- _GIVEN DATA_
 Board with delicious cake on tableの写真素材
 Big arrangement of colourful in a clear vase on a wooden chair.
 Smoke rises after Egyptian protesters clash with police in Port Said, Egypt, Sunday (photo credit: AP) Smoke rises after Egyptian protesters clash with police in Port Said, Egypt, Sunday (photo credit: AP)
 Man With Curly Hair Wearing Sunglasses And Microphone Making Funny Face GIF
...
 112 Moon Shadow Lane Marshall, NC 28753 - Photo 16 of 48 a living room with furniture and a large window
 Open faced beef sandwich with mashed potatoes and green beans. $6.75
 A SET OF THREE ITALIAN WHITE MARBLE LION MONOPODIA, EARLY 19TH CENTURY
---
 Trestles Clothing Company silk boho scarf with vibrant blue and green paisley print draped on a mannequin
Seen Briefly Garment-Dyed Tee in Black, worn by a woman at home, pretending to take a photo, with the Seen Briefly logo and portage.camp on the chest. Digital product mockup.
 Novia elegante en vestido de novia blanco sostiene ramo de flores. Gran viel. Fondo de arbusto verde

- _WORK INSTRUCTIONS_
Return only the lines between the one holding "credit: AP) Smoke" and the one holding "Man With Curly", inclusive, exactly as they appear above.

- _YOUR RESPONSE_
 Smoke rises after Egyptian protesters clash with police in Port Said, Egypt, Sunday (photo credit: AP) Smoke rises after Egyptian protesters clash with police in Port Said, Egypt, Sunday (photo credit: AP)
 Man With Curly Hair Wearing Sunglasses And Microphone Making Funny Face GIF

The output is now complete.